Meski penggunaan hak ekonomi pertunjukan tersebut dinilai seharusnya dapat dilakukan tanpa meminta izin terlebih dahulu kepada pencipta sebagaimana diatur dalam Pasal 23 ayat (5) UU Hak Cipta. Royalti tersebut harus dibayarkan oleh pengguna melalui Lembaga Manajemen Kolektif (LMK).
ADVERTISEMENT
Konsisten dengan ketentuan di mana royalti untuk menggunakan hak ekonomi pertunjukan (performing rights) dibayarkan melalui mekanisme LMK.
Pasal 87 UU Hak Cipta secara lebih khusus mengatur mengenai mekanisme tersebut. Pencipta hanya dapat memperoleh hak ekonominya dan menarik imbalan yang wajar dari pengguna yang memanfaatkan hak cipta dalam bentuk layanan publik yang bersifat komersial.

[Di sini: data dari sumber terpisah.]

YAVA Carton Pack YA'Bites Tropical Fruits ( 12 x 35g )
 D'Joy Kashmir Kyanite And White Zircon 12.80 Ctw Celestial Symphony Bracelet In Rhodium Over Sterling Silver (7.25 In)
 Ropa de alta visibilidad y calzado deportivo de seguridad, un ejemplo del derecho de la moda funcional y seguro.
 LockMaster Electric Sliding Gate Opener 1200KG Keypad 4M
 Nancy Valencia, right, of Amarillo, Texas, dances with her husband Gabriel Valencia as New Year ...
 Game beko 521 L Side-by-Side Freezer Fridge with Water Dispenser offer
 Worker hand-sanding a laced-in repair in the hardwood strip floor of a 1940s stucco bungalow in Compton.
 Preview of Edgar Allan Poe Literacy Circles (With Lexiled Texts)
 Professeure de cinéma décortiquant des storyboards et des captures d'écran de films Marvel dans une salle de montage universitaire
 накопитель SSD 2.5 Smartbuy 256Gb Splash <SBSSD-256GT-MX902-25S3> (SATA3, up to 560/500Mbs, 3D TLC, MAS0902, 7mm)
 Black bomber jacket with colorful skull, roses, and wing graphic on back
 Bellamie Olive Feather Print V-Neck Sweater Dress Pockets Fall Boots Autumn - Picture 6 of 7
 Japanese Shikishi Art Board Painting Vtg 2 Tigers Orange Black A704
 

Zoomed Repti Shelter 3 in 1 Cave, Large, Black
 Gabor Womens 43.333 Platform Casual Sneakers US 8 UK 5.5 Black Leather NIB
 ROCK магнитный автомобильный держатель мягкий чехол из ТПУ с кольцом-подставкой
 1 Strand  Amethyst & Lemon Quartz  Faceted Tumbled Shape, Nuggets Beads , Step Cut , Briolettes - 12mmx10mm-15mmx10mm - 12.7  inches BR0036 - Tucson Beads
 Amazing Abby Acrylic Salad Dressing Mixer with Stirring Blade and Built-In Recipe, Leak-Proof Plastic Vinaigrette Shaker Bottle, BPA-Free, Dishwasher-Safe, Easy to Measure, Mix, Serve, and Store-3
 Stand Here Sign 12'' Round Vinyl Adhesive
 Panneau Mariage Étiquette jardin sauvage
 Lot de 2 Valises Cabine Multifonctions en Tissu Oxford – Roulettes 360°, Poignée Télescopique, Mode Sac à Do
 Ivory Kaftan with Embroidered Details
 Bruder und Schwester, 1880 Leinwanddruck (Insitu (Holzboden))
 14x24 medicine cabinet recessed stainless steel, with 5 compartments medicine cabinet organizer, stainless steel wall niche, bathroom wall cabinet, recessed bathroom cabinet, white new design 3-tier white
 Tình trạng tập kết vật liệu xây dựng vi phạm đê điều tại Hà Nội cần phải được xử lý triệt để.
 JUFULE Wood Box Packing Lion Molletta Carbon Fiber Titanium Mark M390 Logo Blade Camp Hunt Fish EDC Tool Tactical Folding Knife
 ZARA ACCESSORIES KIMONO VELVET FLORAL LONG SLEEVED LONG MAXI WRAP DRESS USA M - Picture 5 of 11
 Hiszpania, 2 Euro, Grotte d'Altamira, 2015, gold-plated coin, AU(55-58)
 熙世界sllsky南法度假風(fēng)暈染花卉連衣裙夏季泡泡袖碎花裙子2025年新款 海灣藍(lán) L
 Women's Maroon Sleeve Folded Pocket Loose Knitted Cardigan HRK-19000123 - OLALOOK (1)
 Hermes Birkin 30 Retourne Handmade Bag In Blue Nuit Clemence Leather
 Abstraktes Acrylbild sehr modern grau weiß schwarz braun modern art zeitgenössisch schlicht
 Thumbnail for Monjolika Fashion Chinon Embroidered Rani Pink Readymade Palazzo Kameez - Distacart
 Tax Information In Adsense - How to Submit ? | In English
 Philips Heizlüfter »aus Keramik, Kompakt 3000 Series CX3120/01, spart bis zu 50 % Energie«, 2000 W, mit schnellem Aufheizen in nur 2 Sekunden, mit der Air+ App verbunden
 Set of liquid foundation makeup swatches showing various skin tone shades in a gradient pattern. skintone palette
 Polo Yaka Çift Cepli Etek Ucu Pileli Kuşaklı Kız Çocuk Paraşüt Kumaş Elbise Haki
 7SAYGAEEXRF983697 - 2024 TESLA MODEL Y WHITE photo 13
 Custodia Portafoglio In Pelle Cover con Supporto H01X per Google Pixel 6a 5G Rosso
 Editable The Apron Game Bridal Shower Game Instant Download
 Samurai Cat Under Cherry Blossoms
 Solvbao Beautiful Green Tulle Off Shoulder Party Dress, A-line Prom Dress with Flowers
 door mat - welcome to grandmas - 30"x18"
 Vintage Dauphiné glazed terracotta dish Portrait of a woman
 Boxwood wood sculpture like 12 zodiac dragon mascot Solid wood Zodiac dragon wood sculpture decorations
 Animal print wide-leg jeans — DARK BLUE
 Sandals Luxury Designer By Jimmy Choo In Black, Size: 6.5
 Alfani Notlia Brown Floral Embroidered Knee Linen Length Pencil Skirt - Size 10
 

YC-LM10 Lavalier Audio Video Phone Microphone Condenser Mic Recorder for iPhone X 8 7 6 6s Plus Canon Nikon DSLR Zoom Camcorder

Kemudian tata kelola penghimpunan dan pendistribusian royalti secara kolektif melalui Lembaga Manajemen Kolektif Nasional (LMKN) pada dasarnya bekerja dengan mekanisme di mana pengguna suatu ciptaan membayarkan royalti untuk pencipta melalui LMKN. Royalti kemudian diteruskan kepada LMK untuk didistribusikan kepada pencipta yang merupakan anggota dari LMK tersebut.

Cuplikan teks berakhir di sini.